_PROBLEM REQUIREMENTS:_ Your answer must hold only the lines below from the line containing "のらざらし マスコットBC 3点 まとめ売り ❶" through the line containing "Ferienbungalows Neuhof", each reproduced exactly.

_RAW DATA:_

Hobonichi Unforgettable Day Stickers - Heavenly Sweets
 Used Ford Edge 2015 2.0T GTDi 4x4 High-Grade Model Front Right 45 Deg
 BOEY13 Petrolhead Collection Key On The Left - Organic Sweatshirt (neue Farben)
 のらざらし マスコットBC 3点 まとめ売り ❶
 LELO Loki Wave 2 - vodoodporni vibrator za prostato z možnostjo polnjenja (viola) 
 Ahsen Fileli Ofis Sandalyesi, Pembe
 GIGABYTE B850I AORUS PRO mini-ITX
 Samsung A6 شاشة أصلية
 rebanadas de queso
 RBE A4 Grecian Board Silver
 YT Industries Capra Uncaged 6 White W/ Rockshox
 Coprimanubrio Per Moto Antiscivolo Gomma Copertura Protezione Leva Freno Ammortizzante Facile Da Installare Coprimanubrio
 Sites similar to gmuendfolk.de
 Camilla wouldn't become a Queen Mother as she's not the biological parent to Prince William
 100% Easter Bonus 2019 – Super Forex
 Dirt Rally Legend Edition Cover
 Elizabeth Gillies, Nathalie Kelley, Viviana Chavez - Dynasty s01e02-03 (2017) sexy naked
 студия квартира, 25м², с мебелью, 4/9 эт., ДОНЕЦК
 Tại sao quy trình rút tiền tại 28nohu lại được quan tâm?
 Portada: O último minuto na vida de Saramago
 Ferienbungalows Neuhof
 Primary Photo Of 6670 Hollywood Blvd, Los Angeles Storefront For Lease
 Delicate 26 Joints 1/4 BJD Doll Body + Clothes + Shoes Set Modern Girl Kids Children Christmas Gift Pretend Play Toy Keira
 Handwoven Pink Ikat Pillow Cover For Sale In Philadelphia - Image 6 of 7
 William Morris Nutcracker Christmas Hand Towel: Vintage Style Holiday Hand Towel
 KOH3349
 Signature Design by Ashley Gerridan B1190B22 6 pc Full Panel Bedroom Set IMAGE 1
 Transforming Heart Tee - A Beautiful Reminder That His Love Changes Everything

_SOLUTION BELOW:_
 のらざらし マスコットBC 3点 まとめ売り ❶
 LELO Loki Wave 2 - vodoodporni vibrator za prostato z možnostjo polnjenja (viola) 
 Ahsen Fileli Ofis Sandalyesi, Pembe
 GIGABYTE B850I AORUS PRO mini-ITX
 Samsung A6 شاشة أصلية
 rebanadas de queso
 RBE A4 Grecian Board Silver
 YT Industries Capra Uncaged 6 White W/ Rockshox
 Coprimanubrio Per Moto Antiscivolo Gomma Copertura Protezione Leva Freno Ammortizzante Facile Da Installare Coprimanubrio
 Sites similar to gmuendfolk.de
 Camilla wouldn't become a Queen Mother as she's not the biological parent to Prince William
 100% Easter Bonus 2019 – Super Forex
 Dirt Rally Legend Edition Cover
 Elizabeth Gillies, Nathalie Kelley, Viviana Chavez - Dynasty s01e02-03 (2017) sexy naked
 студия квартира, 25м², с мебелью, 4/9 эт., ДОНЕЦК
 Tại sao quy trình rút tiền tại 28nohu lại được quan tâm?
 Portada: O último minuto na vida de Saramago
 Ferienbungalows Neuhof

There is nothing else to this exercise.